The MirrorARCHIVES: Feb 15-21.2007 Vol. 22 No. 34  
Mirror Music




Passion fruit


>> The Apples in Stereo reveal their
wonky hobbies and hobbit connections


IT WAS MY UNDERSTANDING THAT THERE WOULD BE NO MATH:
Apples in Stereo

by LORRAINE CARPENTER

After five years of silence from the Apples in Stereo comes New Magnetic Wonder, a stunning exercise in pop excess inspired primarily by Brian Wilson’s Smile and ELO’s greatest hits.
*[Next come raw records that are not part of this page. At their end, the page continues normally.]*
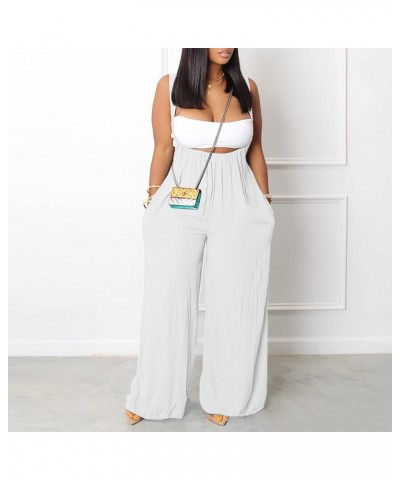 Women's Loose Fit Jumpsuit Fashion Wide Leg Baggy Bib Overalls Adjustable Spaghetti Strap Rompers with Pockets White $8.40 Ov...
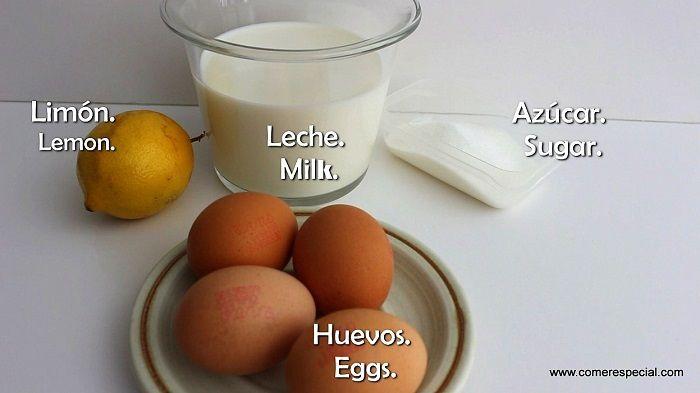 Ingredientes para hacer flan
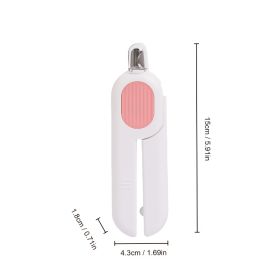 Dog Nail Clippers, Pet Nail Trimmers With LED Light, And Circular Cut-hole (Color: Pink)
The album’s enormity is a reflection of its sprawling recording sessions, which took place over a year and across the U.S., in the band members’ home studios (they live in Dallas, Athens, Denver and Lexington) and in New York City with noted indie rock producer Bryce Goggin.

Not only does New Magnetic Wonder mark the debut of Elijah Wood’s Simian Records label and the return of the Elephant Six imprint—a “seal of approval by a group of old friends,” according to the Apples’ Eric Allen, including bands such as Olivia Tremor Control and Neutral Milk Hotel (whose members play on the record)—it also introduces a new musical scale conceived by the band’s singer, chief songwriter and math hobbyist Robert Schneider. You may have seen Schneider on The Colbert Report recently, singing an appropriately nerdy and slightly homosexual tribute to the faux-conservative pundit (listen to “Stephen Stephen” on the band’s MySpace page). The Mirror called Allen, on the road in Kentucky, to try and make sense of it all.

Mirror: Recording in five cities must have its pros and cons.

Eric Allen: It was a good thing in a way, because Robert would take tracks back to Kentucky, and instead of being in the studio and just having to bust out the whole album in six weeks, things could germinate, you could listen to a song for a few months and try different things on it. I think we probably got different sounds just by being in different cities too. We did some of it out in Denver, and I know those guitars sound different than they would have if they’d been recorded in New York.

M: So I understand you guys met Elijah Wood at South by Southwest in 2003.

EA: Yeah, he just came up to us after a show and it was like, “Holy shit, that’s Elijah Wood,” and he said he was a fan and we kept in touch with him. Then we heard through the grapevine that he wanted to start a label and he was interested in the Apples, and so he visited us one day at the studio in New York and listened to some new songs and it developed from there. We were like, “Hell yeah, we’d love to be on Elijah’s label.”

M: Any idea who else he may sign, or if there’s a musical style he wants to stick to?

EA: He’s got really, really broad tastes, so just from talking to him and knowing what he listens to, whatever the next thing is, it could be something really different.

M: Could you shed some light on this “non-Pythagorean scale” that Robert devised?

EA: It’s completely beyond me. Robert’s explained it to me about four times and he’s dumbed it down so much, but I don’t know what the hell it’s all about. His hobbies are theoretical physics and mathematics that you can’t even conceive the application of—at least I can’t. I studied literature.